▸ **Entries provided**:
▬▬▬▬▬▬

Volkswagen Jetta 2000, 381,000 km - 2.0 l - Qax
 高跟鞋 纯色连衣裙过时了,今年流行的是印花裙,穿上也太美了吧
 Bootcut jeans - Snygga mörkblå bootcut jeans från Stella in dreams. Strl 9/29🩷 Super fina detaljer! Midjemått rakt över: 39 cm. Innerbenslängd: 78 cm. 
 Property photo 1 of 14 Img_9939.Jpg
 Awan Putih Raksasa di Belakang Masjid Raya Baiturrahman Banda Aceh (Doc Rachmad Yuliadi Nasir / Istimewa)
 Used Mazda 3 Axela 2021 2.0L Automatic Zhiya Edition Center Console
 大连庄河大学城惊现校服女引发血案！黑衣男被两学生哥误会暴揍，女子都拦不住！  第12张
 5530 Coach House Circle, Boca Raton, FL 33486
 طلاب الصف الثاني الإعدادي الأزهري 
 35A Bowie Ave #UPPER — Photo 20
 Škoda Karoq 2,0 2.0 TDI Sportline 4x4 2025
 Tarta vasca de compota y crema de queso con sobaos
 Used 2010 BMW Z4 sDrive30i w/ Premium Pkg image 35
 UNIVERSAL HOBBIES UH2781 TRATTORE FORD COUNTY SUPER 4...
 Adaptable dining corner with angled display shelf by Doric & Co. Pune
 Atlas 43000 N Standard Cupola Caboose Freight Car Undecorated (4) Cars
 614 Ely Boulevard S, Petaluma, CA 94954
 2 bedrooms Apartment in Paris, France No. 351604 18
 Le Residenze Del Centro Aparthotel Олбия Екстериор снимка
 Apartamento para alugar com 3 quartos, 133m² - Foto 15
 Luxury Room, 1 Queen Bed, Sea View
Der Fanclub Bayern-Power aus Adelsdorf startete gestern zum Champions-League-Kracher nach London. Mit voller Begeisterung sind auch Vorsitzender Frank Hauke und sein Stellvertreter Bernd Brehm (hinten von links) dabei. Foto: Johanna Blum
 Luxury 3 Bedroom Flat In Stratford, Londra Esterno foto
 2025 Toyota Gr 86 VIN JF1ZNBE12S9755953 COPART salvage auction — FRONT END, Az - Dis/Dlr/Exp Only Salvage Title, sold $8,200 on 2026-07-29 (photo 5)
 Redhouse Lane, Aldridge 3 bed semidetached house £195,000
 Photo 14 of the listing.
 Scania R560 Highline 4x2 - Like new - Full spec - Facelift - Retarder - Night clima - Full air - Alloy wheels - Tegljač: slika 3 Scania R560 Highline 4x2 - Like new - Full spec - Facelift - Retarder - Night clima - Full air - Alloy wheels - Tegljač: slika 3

▬▬▬▬▬▬

▸ **Task statement**: Search the records for the word "Luxury", then list every line that has it.

▸ **Answer below**:
 Luxury Room, 1 Queen Bed, Sea View
 Luxury 3 Bedroom Flat In Stratford, Londra Esterno foto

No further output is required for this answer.